Si ce monument a été classé à l’unanimité par la commission ministérielle chargée de cette mission, c’est aussi grâce au travail des étudiants en architecture de l’Université Ibn-Khaldoun, qui en ont fait un projet de fin d’études, élaborant des plans et des relevés du site et adoptant l’idée de Nozha Sekik pour recommander la conversion de ces lieux de mémoire et d’histoire en un musée de la poterie.
Une opportunité pour les artisanes
Dès leur installation en Tunisie au dix-neuvième siècle, les colons français ont choisi de créer des voies d’accès traversant tout le pays pour exploiter ses ressources en tous genres. Les rails et les gares ont ainsi constitué la raison d’être de plusieurs nouveaux villages de la Tunisie du début du vingtième siècle. D’ailleurs la création même du village de Sejnane était en partie le fruit de ce mouvement de colonisation agricole très importante dans la riche région nord-ouest de la Tunisie.
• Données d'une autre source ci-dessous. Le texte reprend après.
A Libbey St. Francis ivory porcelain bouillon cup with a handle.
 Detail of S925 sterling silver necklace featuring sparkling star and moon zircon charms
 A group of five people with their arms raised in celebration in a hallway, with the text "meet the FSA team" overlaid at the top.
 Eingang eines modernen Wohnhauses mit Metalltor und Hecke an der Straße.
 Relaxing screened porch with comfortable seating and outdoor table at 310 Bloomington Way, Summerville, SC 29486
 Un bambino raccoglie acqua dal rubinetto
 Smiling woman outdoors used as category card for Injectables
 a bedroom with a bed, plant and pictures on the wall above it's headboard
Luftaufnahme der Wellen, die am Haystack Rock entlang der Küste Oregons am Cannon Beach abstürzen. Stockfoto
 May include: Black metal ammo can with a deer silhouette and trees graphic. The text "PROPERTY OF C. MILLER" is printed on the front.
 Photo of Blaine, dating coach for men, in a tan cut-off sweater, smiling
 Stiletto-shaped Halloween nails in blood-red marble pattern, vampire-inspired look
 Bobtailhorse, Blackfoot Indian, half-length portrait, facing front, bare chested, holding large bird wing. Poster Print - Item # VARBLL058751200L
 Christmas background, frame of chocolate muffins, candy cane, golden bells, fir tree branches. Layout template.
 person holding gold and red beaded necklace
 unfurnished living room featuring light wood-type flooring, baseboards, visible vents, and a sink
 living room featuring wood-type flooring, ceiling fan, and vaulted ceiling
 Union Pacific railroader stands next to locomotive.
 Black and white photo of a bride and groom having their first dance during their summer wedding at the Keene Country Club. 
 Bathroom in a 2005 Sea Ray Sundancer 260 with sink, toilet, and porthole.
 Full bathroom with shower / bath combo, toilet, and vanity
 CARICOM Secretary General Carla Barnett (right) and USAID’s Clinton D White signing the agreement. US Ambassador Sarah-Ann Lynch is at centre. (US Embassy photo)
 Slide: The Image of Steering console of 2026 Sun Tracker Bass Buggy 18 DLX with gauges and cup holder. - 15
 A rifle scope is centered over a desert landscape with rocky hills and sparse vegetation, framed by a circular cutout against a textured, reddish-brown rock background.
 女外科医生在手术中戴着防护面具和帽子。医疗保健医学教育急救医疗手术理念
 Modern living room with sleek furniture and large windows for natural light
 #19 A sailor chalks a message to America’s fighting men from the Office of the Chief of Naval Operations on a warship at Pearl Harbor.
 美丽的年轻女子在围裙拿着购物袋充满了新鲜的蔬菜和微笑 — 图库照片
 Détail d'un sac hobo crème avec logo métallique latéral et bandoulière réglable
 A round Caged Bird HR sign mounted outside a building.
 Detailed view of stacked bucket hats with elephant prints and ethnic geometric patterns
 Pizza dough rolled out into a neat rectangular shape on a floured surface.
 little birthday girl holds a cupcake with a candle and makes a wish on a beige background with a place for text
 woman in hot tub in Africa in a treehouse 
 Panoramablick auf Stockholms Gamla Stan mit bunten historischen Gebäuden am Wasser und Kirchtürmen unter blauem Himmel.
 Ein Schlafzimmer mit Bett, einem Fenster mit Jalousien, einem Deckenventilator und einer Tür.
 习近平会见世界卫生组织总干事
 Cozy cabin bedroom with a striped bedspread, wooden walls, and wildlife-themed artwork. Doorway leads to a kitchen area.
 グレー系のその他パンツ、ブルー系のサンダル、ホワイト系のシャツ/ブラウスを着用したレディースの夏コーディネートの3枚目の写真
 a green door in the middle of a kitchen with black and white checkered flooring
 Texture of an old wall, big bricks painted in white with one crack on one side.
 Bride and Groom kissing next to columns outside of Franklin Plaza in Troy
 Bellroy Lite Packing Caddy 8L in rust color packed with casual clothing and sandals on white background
C’est de cette façon et grâce au développement engendré par la construction de sa gare que Sejnane s’est peu à peu urbanisée en accueillant la ligne ferroviaire de Mateur/Tabarka, permettant ainsi le transport des minerais de la mine de Tamra vers Mateur et Tunis, puis celui des céréales, quasi seule richesse agricole de la région, vers Mateur et Tabarka.
«Au-delà de son caractère architectural prototypique des gares de ce style et de son relativement bon état de conservation, ce monument mérite toute l’attention pour au moins deux raisons majeures : la gare abrite dans son environnement immédiat une installation métallique, utilisée auparavant pour le transfert des produits miniers et céréaliers qui constitue un patrimoine technique et industriel remarquable et une valeur ajoutée au monument. La gare de Sejnane est également le lieu de préservation d’un patrimoine naturel et écologique grâce à la réserve ornithologique des cigognes», détaille Nozha Sekik.
Toutes ces raisons réunies ainsi que son emplacement stratégique au centre même de la ville de Sejnane et sa proximité des équipements administratifs, urbains et commerciaux justifient l’intérêt crucial du classement et de la sauvegarde de ce monument.
En novembre 2018, la poterie modelée de Sejnane a été classée sur la liste du patrimoine immatériel de l’humanité par l’Unesco. Or, depuis cet événement, rien n’a été fait par les autorités pour améliorer la visibilité de ce savoir-faire ancestral transmis de mère en fille depuis des générations. Rien n’indique à l’entrée du village ce classement prestigieux, et en l’absence d’un espace respectable pouvant réunir les artisanes, les femmes continuent à vendre leurs produits sur la route.
«La gare pourrait contribuer, à travers sa restauration et sa possible reconversion en musée vivant de la poterie modelée en Tunisie, à la mise en valeur et à la sauvegarde de ce savoir-faire artisanal local. L’espace extérieur qui entoure la gare présente une potentialité paysagère et socioéconomique susceptible d’améliorer les conditions de vie de toute la population de Sejnane. Notamment celle des jeunes générations et des femmes potières, en abritant des espaces d’exposition, de vente de poteries et de produits du terroir, tels que le miel, le beurre et le pain tabouna, ainsi que des espaces de repos, de détente et d’orientation touristique», explique encore Nozha Sekik.